Just wrap the value with [Variable][chanfig.Variable], and one alteration will be reflected everywhere.

[Variable][chanfig.Variable] supports type, choices, validator, and required to ensure the correctness of the value.

To make it even easier, [Variable][chanfig.Variable] also support help to provide a description when using [ConfigParser][chanfig.ConfigParser].

ConfigParser

[ConfigParser][chanfig.ConfigParser] extends [ArgumentParser][argparse.ArgumentParser] and provides [parse][chanfig.ConfigParser.parse] and [parse_config][chanfig.ConfigParser.parse_config] to parse command line arguments.

Usage

CHANfiG has great backward compatibility with previous configs.

No matter if your old config is json or yaml, you could directly read from them.
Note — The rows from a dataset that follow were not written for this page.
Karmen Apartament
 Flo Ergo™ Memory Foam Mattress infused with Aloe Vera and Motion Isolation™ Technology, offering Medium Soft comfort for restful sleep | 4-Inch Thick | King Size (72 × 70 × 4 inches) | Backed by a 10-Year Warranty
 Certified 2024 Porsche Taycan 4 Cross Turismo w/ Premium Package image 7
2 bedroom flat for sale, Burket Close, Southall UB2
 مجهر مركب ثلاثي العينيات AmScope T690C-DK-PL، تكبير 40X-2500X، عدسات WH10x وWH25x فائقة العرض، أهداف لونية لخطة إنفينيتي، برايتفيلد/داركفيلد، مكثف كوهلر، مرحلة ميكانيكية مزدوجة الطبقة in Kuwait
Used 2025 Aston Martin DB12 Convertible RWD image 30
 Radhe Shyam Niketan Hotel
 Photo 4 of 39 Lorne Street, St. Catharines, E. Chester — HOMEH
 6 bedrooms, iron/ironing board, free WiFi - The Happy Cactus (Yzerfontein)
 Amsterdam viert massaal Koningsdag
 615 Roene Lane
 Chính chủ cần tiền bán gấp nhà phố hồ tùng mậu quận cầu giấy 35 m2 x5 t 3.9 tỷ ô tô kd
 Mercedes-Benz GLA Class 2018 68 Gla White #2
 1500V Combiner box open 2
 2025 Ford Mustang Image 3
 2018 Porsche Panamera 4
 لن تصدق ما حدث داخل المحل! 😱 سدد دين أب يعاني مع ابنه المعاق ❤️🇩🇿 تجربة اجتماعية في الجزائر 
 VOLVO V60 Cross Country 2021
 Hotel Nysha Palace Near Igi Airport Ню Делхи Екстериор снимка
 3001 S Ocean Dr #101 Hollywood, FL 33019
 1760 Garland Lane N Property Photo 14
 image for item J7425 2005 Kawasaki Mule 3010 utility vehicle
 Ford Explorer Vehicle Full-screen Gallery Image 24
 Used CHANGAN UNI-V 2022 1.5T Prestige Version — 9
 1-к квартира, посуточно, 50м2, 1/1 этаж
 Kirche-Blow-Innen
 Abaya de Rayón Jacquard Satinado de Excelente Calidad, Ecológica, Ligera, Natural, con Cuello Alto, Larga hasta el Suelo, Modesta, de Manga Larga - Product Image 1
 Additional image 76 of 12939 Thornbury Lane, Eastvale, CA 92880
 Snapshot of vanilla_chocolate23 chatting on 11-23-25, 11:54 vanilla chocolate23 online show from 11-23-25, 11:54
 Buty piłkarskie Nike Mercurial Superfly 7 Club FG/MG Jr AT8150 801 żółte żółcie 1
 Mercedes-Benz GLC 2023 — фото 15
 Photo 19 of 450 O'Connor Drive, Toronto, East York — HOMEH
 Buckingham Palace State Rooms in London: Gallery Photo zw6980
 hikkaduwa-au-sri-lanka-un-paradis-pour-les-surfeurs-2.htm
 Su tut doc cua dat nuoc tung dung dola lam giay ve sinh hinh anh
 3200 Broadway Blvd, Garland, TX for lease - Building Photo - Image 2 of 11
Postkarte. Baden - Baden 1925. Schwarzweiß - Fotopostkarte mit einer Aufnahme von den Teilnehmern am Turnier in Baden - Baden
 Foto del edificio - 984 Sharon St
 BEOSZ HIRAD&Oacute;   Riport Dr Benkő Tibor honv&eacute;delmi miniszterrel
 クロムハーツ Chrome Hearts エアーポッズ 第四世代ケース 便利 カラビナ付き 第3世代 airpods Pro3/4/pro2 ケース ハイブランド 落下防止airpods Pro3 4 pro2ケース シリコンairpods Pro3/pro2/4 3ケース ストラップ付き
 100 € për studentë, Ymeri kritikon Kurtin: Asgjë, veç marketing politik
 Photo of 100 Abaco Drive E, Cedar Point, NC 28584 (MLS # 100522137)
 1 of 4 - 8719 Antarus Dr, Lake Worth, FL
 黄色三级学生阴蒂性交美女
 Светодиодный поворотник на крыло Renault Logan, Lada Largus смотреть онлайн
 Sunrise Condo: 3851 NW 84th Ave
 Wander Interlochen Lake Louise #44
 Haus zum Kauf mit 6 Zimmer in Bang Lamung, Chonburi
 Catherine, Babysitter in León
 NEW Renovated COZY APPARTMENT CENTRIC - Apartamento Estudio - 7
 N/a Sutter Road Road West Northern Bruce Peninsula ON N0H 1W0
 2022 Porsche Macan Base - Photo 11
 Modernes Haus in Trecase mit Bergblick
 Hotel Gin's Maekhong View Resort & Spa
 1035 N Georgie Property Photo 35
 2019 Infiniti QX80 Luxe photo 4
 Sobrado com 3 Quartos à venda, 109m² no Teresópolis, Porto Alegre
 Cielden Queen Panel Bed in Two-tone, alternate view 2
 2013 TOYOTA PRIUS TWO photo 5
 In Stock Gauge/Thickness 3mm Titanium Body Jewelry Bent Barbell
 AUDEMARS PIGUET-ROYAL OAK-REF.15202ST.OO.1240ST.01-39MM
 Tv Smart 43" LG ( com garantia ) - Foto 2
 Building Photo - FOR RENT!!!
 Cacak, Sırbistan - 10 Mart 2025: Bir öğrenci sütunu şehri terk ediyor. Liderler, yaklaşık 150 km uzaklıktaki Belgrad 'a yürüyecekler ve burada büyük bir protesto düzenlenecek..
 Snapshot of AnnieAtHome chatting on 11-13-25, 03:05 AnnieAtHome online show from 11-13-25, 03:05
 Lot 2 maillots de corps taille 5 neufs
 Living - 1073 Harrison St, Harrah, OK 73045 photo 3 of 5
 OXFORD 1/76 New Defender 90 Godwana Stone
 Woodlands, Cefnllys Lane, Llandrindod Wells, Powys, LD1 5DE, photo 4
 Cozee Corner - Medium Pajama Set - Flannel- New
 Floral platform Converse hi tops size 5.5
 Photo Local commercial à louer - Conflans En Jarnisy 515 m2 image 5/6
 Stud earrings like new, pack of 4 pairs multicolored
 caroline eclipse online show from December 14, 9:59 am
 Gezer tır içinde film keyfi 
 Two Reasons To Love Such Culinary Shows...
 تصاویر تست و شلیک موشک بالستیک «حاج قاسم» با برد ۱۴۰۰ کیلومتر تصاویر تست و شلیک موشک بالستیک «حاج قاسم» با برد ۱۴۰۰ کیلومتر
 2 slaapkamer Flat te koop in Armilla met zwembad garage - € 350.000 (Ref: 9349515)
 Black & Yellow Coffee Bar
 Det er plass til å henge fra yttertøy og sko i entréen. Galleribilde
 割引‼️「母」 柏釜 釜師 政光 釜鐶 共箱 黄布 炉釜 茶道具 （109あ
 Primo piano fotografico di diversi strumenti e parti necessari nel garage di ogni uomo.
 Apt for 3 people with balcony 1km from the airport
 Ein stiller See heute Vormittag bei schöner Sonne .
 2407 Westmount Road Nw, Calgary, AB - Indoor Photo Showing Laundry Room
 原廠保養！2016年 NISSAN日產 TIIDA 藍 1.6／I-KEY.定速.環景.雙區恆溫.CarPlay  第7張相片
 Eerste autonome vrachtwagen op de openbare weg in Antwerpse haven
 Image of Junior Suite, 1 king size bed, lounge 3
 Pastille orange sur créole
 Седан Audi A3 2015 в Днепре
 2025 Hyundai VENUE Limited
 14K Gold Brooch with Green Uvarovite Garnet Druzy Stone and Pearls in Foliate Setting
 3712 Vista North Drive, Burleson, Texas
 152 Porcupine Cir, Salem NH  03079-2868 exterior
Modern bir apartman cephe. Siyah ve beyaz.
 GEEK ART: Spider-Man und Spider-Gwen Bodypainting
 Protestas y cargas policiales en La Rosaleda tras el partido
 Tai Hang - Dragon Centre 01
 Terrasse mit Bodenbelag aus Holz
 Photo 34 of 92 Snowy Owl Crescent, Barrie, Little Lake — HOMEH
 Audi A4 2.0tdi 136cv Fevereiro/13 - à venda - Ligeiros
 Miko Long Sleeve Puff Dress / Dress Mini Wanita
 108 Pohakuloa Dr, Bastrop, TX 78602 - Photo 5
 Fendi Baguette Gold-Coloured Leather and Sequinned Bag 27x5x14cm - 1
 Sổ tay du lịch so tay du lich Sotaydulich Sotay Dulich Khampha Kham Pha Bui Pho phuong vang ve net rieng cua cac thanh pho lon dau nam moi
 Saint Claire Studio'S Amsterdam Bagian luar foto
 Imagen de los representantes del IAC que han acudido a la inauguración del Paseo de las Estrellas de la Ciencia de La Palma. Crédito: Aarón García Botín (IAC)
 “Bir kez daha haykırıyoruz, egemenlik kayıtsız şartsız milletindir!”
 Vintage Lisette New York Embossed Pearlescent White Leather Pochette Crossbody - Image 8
And if you are using yacs, just replace CfgNode with [Config][chanfig.Config] and enjoy all the additional benefits that CHANfiG provides.

Moreover, if you find a name in the config is too long for command-line, you could simply call [self.add_argument][chanfig.Config.add_argument] with proper dest to use a shorter name in command-line, as you do with argparse.

--8<-- "demo/config.py"

All you need to do is just run a line:

python main.py --model.encoder.num_layers 8 --model.dropout=0.2 --lr 5e-3

You could also load a default configure file and make changes based on it:

Note, you must specify config.parse(default_config='config') to correctly load the default config.

python main.py --config meow.yaml --model.encoder.num_layers 8 --model.dropout=0.2 --lr 5e-3

If you have made it dump current configurations, this should be in the written file:

=== "yaml"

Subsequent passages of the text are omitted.